Conditional Time Series Forecasting with Convolutional Neural Networks
(Borovykh, Bohte, and Oosterlee, 2017) on arXiv
Convolutional networks are nice for sequence prediction, because the computations can be parallelized, unlike in recurrent networks. (I’ve previously given a cutesy demo of how the convolutional filter slides over the input.) Evidently these can be used for time series forecasting, and it looks a lot like neural language modeling.
Their task is to predict the next value in a time series, conditioned on its predecessors. This is identical to language modeling, except that the domain is continuous (real numbers) instead of discrete (some vocabulary of words). It’s a simple enough architectural change: replace the softmax layer at the end (which returns a probability distribution) with a great big nothing. Just train the raw values to predict your real-valued result.

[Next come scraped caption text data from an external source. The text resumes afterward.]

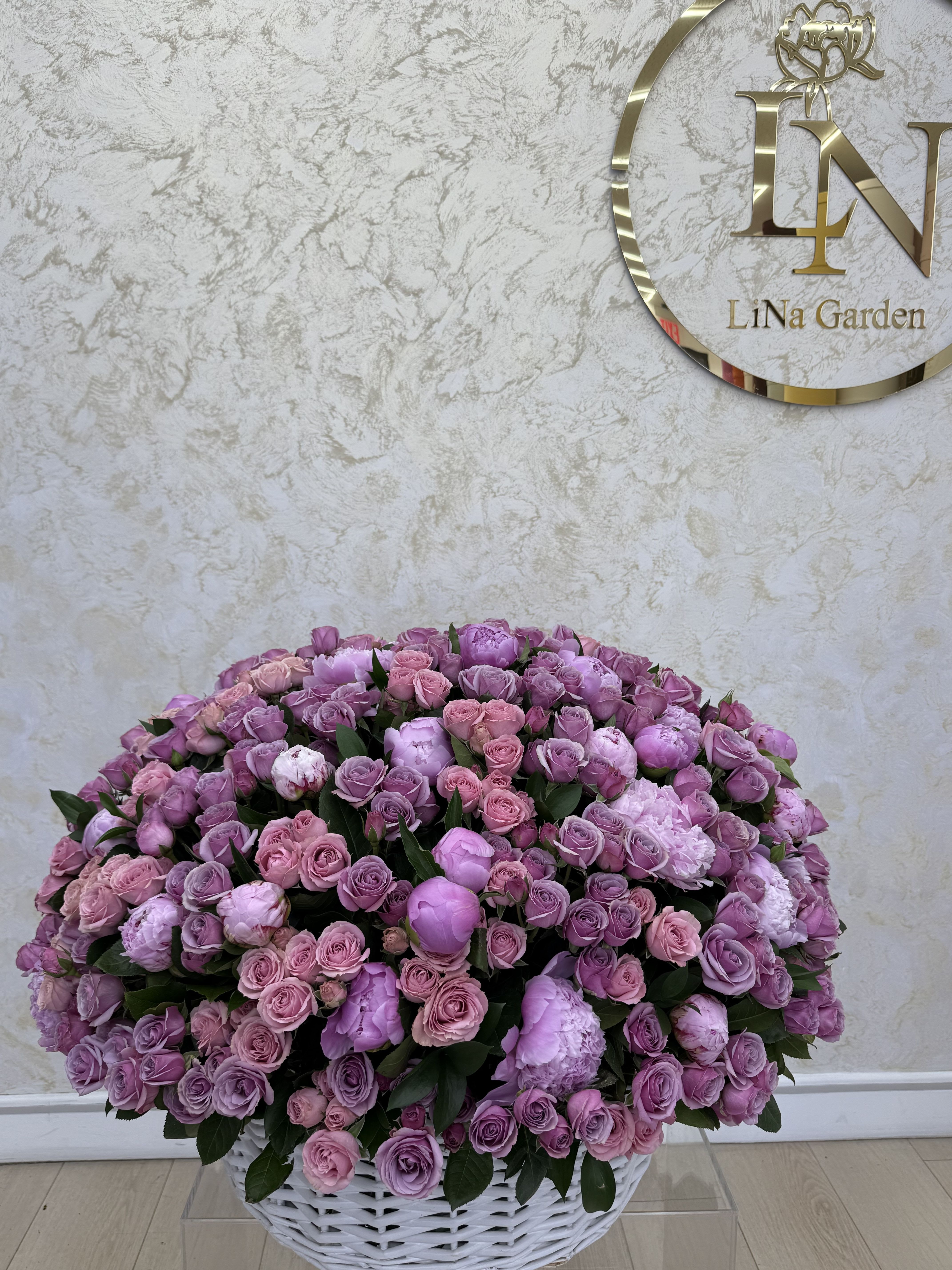 Basket 12  - Mix basket with peonies  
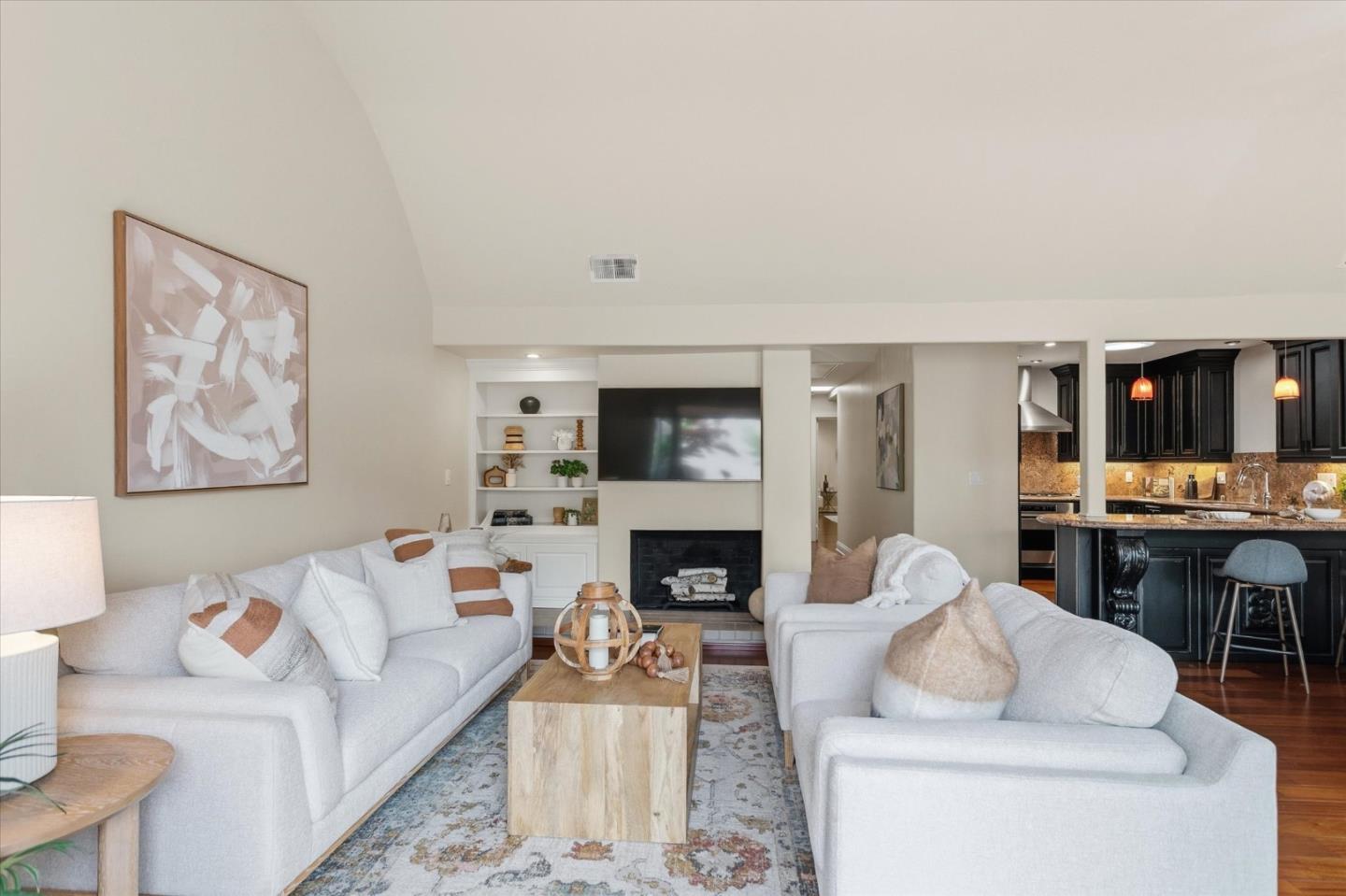 Detail Gallery Image 6 of 26 For 247 Casitas Bulevar, Los Gatos,  CA 95032 - 2 Beds | 2 Baths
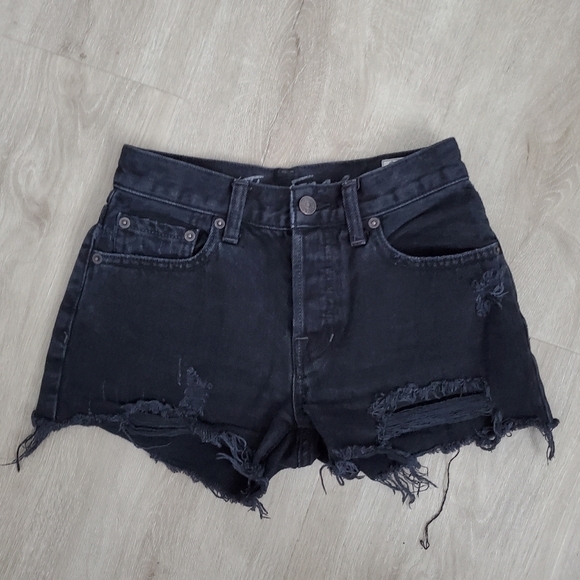 Free People Button Fly True Black Jean Shorts 24 - Picture 4 of 6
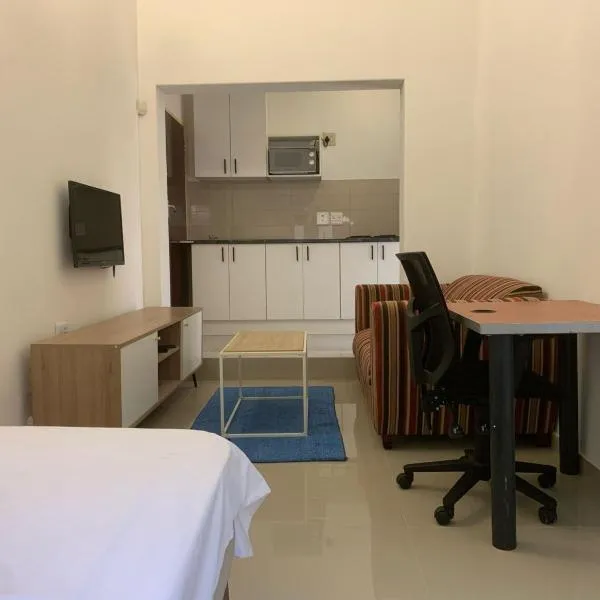 Airport Guest House, hotel in Kempton Park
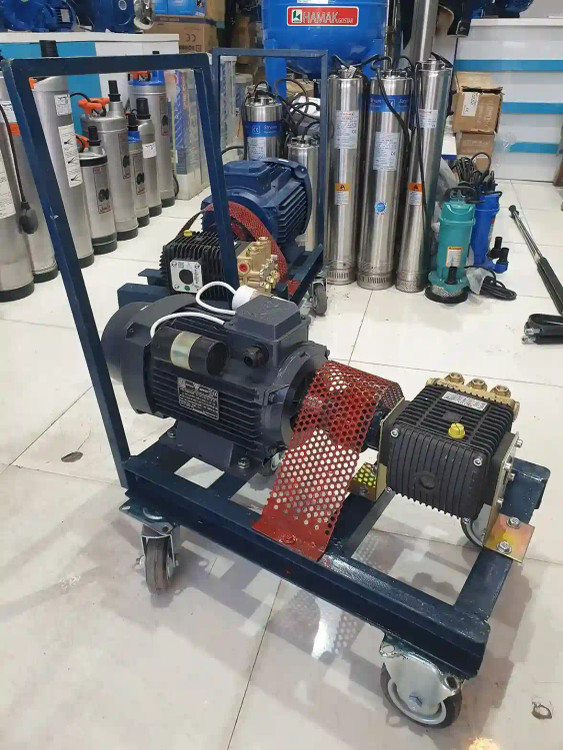 نمای سه رخ از چپ کارواش 110 بار شاسی شده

No, that’s not the big architectural improvement. The cleverness comes from dilated convolutions: convolutions on convolutions on convolutions, so longer-term dependencies can be captured. All this is doable with very few parameters—you reuse the convolutional kernel.
You can also predict arbitrarily far into the future, but your errors will propagate: feed the output of your network back in until you’ve stepped far enough forward to predict at the time of interest.
The author strain to minimize mean absolute error, and they employ an L2 penalty on the weights as regularization. They use ReLU as their nonlinearity. They also use highway connections to feed values up to higher layers in the network. The justification is that if the correct mapping to learn is close to the identity function, you waste effort and may not even find it without these connections.
They compare their model to an LSTM, but I have the sinking suspicion that the LSTM has fewer parameters, so it’s bound to be less expressive. Still, their model has the lowest squared error consistently, giving the other models a run for their money.